The insurer is exercising the right to sell its holdings in the brokerage back to Wachovia Corp., Prudential said today in a regulatory filing. The joint venture was formed in 2003 when Prudential combined its retail brokerage with Wachovia's in a cashless transaction. Wachovia has since agreed to be acquired by San Francisco-based Wells Fargo, creating the biggest branch network in the U.S.
Prudential Chief Executive Officer John Strangfeld is seeking to strengthen the insurer's finances as real estate investments sour and the stock market slump hurts returns from variable annuity sales. While the final price hasn't been set, the insurer's stake in Wachovia Securities is worth about $5 billion before tax, Prudential said.

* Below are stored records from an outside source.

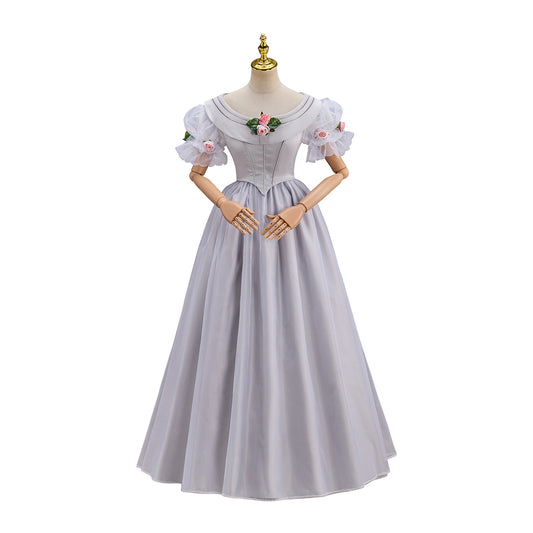 Regency Light Gray Square Neck Puff Sleeve Maxi Gown for Historical Reenactments Regency Themed Events Costume Parties Halloween and Christmas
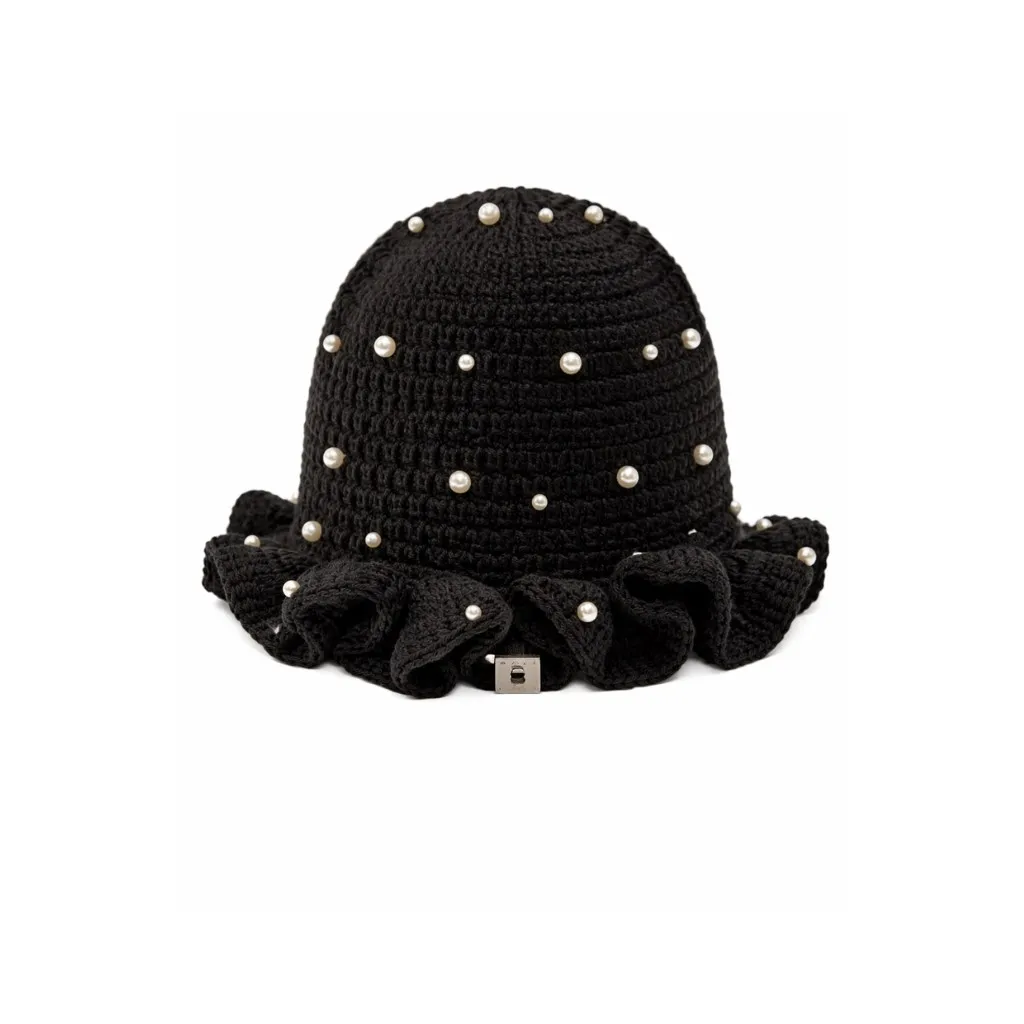 [CH-103BK] Onyx Selection Pearl Crochet Ruffle Hat 6CT (Black)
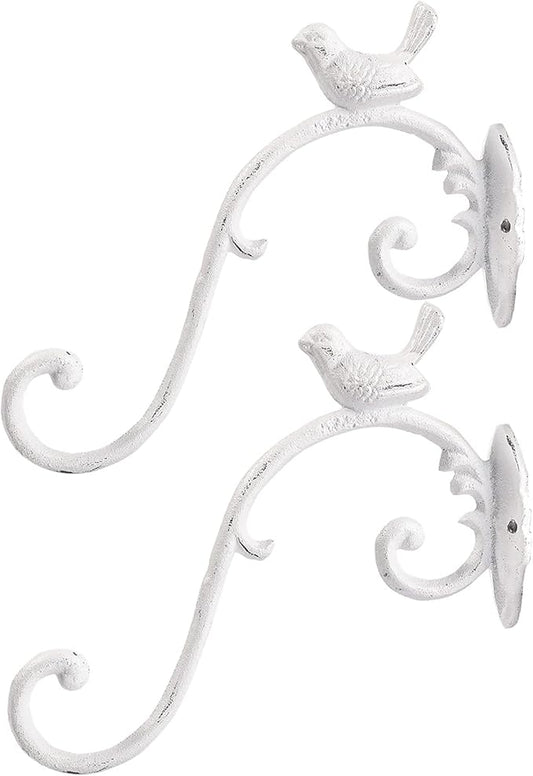 Sungmor Cast Iron Plant Hanger Wall Hooks, Heavy Duty Hanging Basket Brackets, Lovely Bird Shape & 10 inch & 2PC White, Decorative Wall Hangers for Planters Lanterns Bird Feeders Houses Wind Chimes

The sale will probably close on Jan. 1, 2010, and assumes the completion of the pending takeover by Wells Fargo of Wachovia, according to Newark, New Jersey-based Prudential.
The insurer also said it applied to participate in the Treasury's $250 billion capital purchase program, which injects cash into financial companies in return for preferred stock. The insurer said no decision has been made yet on whether its request will be accepted.
Prudential joins smaller insurers Hartford Financial Services Group Inc. and Principal Financial Group Inc. in seeking a portion of the government's bailout fund, originally targeted at banking companies. No. 1 MetLife Inc. has declined to comment on whether it will seek U.S. funds.
Fitch Ratings downgraded Prudential's credit on Dec. 1 as investment losses tied to the subprime meltdown depleted the insurer's capital. Strangfeld, promoted to CEO in January, suspended share buybacks and cut the dividend in half after Prudential posted a $166 million net loss in the third quarter.
Wachovia bought St. Louis-based A.G. Edwards Inc. for more than $6 billion last year and folded it into Wachovia Securities. Prudential held 38 percent of Wachovia Securities before the A.G. Edwards deal, which may have diluted the insurer's stake.
Life insurers including Prudential and New York-based MetLife have lost more than half their market value this year as plummeting stock and bond markets lowered the value of investments that insurers use to back policies. Prudential is down 78 percent since Dec. 31 through yesterday, while MetLife has slipped 57 percent.
North American insurers have posted more than $100 billion in writedowns and unrealized losses tied to the housing slump. MetLife sold $2.3 billion in shares in October to boost finances, while Hartford, based in the Connecticut city of the same name, cut its dividend and raised $2.5 billion by selling debt and equity to Allianz SE.